When inspecting the data summarized here, the bioactivity of the various extracts and compounds against the different parasites under study vary over a rather wide range and it is not trivial to make a judgement which level of activity should be considered strong or which entity could be promising for further studies. Naturally, the view on this issue of authors publishing such activity of their compounds will vary almost as widely as the data reported. Generally, from the authors’ own experience, T. brucei appears to be the most sensitive of the parasites treated here and T. cruzi, in particular if the clinically most relevant intracellular amastigote stage is assayed, is the hardest to kill in vitro.
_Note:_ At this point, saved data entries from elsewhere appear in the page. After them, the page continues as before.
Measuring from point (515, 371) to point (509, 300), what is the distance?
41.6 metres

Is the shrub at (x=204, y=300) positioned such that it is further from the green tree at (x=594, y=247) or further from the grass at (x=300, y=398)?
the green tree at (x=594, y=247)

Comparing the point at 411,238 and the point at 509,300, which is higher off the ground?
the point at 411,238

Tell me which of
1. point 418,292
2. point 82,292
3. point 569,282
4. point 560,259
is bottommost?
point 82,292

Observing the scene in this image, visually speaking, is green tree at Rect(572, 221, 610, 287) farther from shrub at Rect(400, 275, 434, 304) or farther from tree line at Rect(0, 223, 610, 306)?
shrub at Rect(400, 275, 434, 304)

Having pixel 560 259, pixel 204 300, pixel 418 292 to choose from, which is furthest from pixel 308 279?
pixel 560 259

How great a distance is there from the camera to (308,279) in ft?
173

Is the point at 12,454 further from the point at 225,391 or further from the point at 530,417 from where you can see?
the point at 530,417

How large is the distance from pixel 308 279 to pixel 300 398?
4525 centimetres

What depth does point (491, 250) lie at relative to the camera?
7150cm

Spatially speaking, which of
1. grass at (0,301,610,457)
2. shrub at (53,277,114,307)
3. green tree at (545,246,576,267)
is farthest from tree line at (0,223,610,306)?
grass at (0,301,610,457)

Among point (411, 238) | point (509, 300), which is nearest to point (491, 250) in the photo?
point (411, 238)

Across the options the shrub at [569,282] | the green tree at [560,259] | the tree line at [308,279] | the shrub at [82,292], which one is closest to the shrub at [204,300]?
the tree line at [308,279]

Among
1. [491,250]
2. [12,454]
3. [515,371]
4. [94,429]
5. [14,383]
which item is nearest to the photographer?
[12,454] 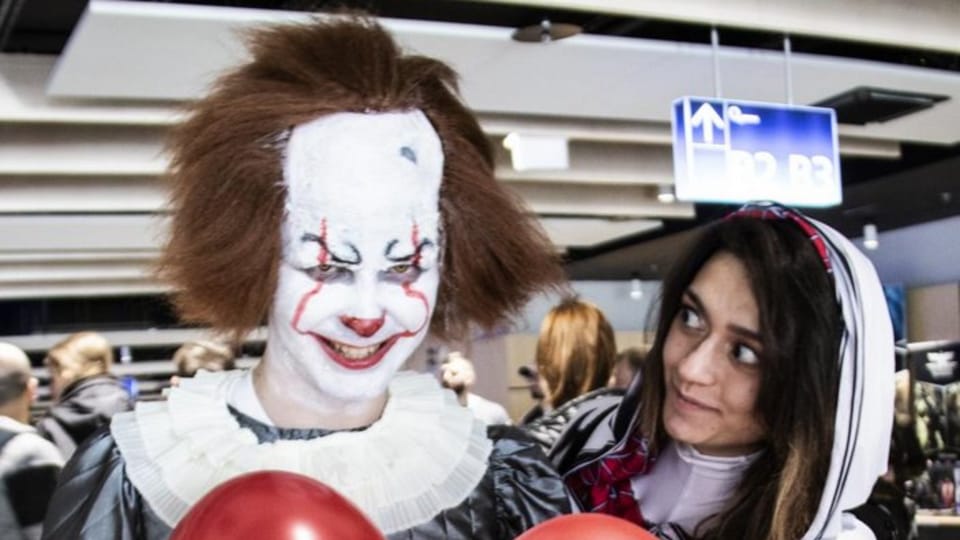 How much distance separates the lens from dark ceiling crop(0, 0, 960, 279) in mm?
4258

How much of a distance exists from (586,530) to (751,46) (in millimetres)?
4282

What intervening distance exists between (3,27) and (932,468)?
3934mm

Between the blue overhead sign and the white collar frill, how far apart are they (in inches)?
116

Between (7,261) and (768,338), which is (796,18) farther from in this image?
(7,261)

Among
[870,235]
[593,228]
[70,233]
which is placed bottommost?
[870,235]

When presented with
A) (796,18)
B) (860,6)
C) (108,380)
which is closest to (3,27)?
(108,380)

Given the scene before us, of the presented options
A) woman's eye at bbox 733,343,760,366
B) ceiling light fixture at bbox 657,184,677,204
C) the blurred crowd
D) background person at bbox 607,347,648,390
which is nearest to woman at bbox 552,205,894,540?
woman's eye at bbox 733,343,760,366

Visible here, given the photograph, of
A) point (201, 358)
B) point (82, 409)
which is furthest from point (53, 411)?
point (201, 358)

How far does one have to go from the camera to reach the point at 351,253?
1186 mm

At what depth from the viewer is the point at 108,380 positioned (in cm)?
319

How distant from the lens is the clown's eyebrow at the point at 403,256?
120cm

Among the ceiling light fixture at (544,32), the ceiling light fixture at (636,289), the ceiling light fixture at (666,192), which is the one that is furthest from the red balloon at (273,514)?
the ceiling light fixture at (636,289)

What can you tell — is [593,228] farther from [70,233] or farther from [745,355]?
[745,355]

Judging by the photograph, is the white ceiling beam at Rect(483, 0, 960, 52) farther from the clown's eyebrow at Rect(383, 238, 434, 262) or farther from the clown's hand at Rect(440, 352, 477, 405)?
the clown's eyebrow at Rect(383, 238, 434, 262) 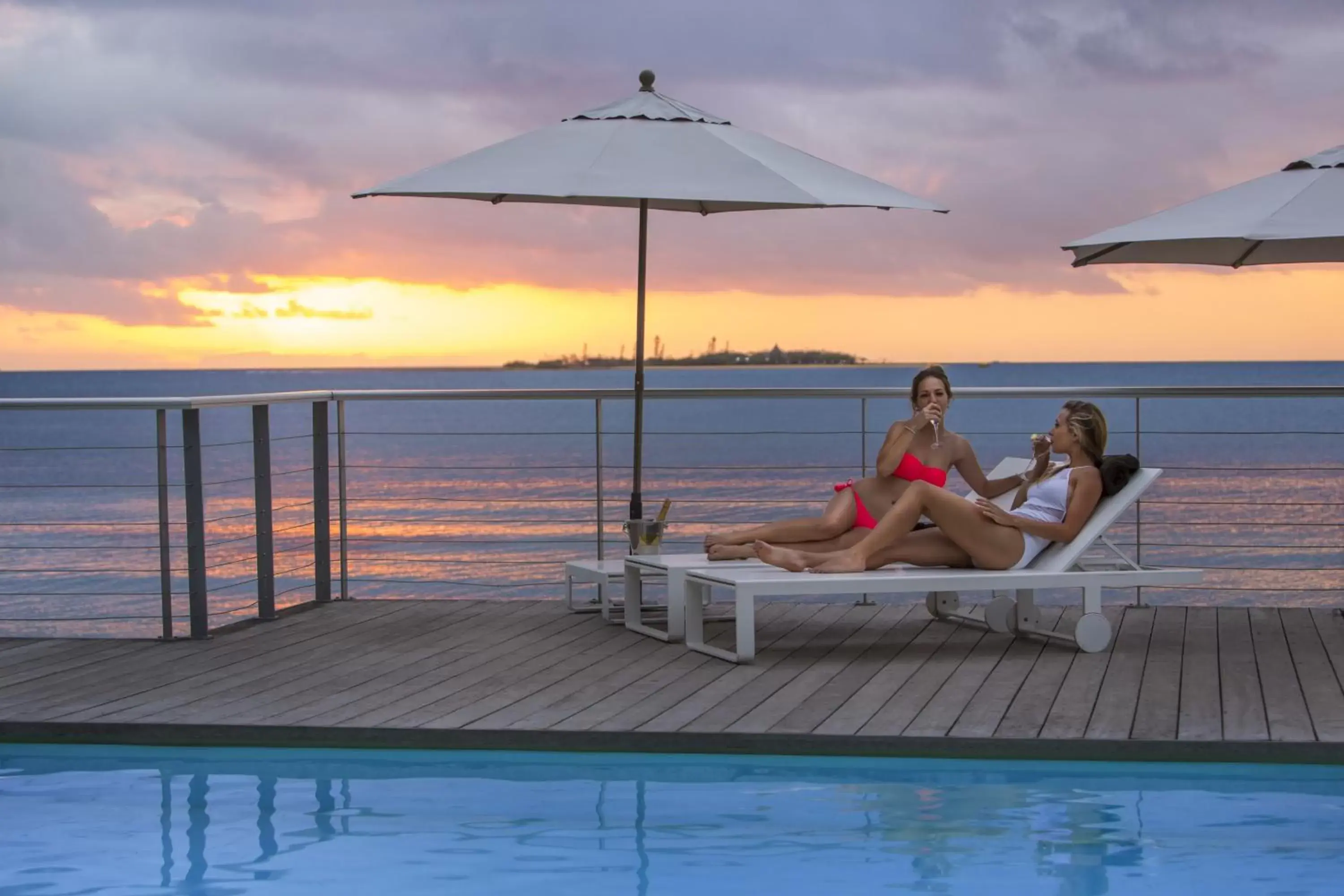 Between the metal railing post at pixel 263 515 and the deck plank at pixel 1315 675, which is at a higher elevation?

For a rough orientation, the IC₅₀ values of standard positive controls routinely used in many studies, such as those conducted by our group in collaboration with the Swiss Tropical and Public Health Institute (Basel, Switzerland), are typically in the following ranges of magnitude: melarsoprol (Tbr, STIB 9000 strain, bloodstream trypomastigotes): 0.01 µM; benznidazole (Tc, Tulahuen C4 strain, intracellular amastigotes in L6 rat skeletal myoblasts): 4.5 µM; miltefosine (Ld MHOM-ET-67/L82, axenic amastigotes): 0.2 µM; and chloroquine (Pf, NF54 strain, intraerythrocytic forms): 0.02 µM (see e.g., [21]; data reported there are in µg/mL). It would appear overly critical, however, to concentrate only on such entities that outmatch these positive controls’ activity because all of them are clinically used drugs and the native natural products may only represent starting points for further optimization. Thus, in our own work, we would consider any isolated natural product that displays an IC₅₀ value <0.1, <10, <2 and <1 µM against the mentioned forms of Tbr, Tc, Ld and Pf, respectively, a valuable hit for further studies, in case it also displays a favorable selectivity index (determined with L6 cells), e.g., >5–10.

Some of the reported compounds showed interesting in vitro biological activity, which could be considered a starting point for further investigations, such as structure-activity, mechanistic and in vivo studies. There appears to be a lack of further research-steps beyond the stage of in vitro phenotypic assays to exploit the full potential of these compounds in terms of the development of lead compounds into drugs. This may be due to the lack of funding within the current R&D system which is mainly guided by economical interest and often reluctant to support research in this field, which makes it difficult for many academic research groups to advance promising hits to further development steps. Most information on native natural compounds with promising activity that might be worth optimization is published at the stage of in vitro tests and then tends to be dissipated in the literature. The compounds often “vanish” in refrigerators in many laboratories around the globe but this valuable knowledge and material is not further followed up in a systematic way [7,40]. Further research steps such as a thorough investigation of structure-activity and structure-selectivity relationships, studies on the (possibly new) mechanisms of action and studies on the in vivo fate and efficacy of promising compounds often never happen. The information on Salvia metabolites and their antiprotozoal activity collected in this review will be useful for further studies on related species and their chemical constituents in the quest for new effective and affordable drugs against NTDs. A review such as this can help to avoid repetition of research, e.g., if it is used as a guide to dereplicate the pattern of constituents in further, hitherto unstudied Salvia species. Most importantly, however, it would be useful to stimulate further research on structure-activity relationship (SAR) studies for compounds of the classes treated here.